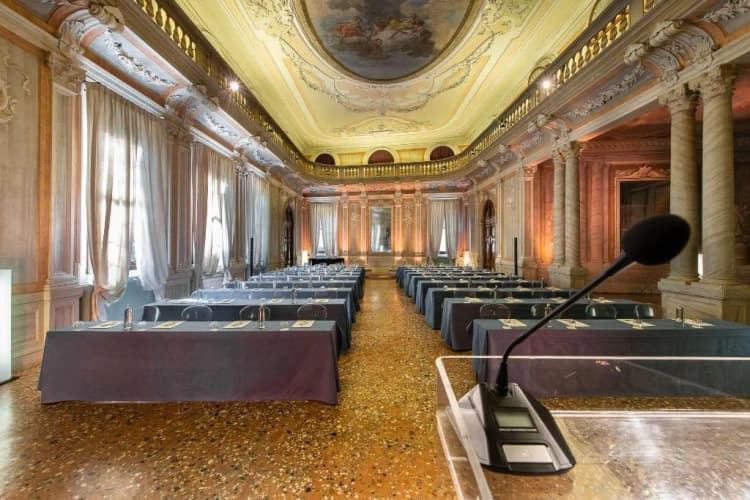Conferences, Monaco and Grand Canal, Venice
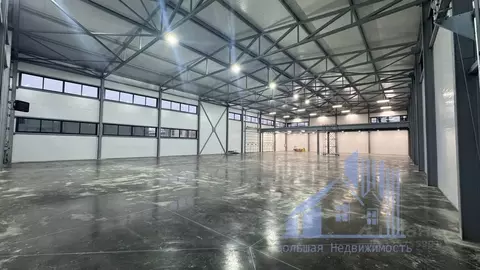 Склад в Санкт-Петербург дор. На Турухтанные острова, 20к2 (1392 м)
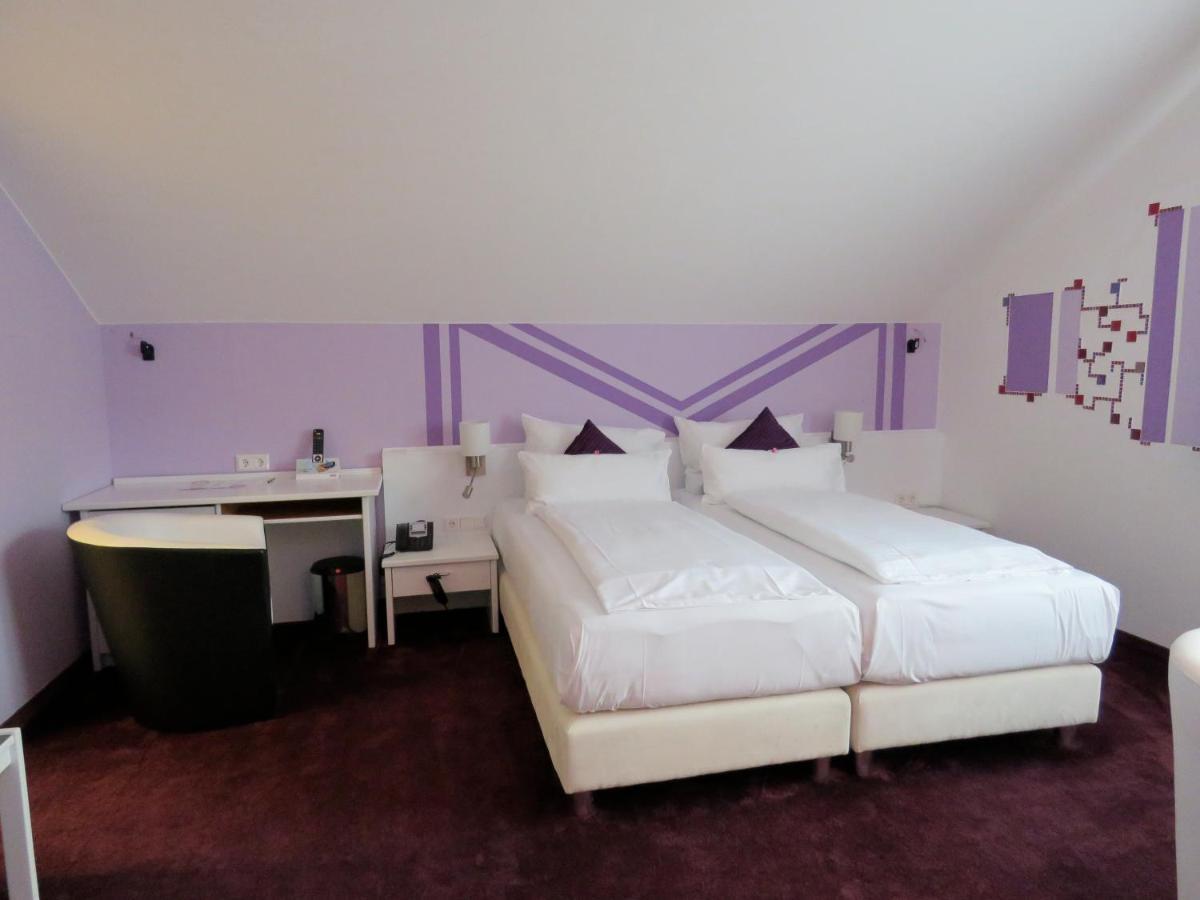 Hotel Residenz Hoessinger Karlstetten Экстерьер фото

**ACTIVITY:** Your answer must be an exact copy of the data above, minus its pictures.

**SOLUTION TO THE EXERCISE:**
Conferences, Monaco and Grand Canal, Venice
 Склад в Санкт-Петербург дор. На Турухтанные острова, 20к2 (1392 м)
 Hotel Residenz Hoessinger Karlstetten Экстерьер фото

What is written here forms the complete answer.